┌─ RECORDS FOR THIS EXERCISE
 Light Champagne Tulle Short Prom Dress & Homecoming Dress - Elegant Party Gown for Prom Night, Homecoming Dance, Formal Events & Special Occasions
└─
┌─ RECORDS FOR THIS EXERCISE
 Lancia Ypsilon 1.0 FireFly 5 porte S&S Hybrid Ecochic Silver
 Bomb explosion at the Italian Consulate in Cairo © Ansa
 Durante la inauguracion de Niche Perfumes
└─
▶ [BRIEF]: Where the line holding "Lancia Ypsilon 1.0" appears in the listing above, start reproducing exactly, and end with the line holding "Durante la inauguracion de Niche Perfumes".

▶ [RESULT]:
 Lancia Ypsilon 1.0 FireFly 5 porte S&S Hybrid Ecochic Silver
 Bomb explosion at the Italian Consulate in Cairo © Ansa
 Durante la inauguracion de Niche Perfumes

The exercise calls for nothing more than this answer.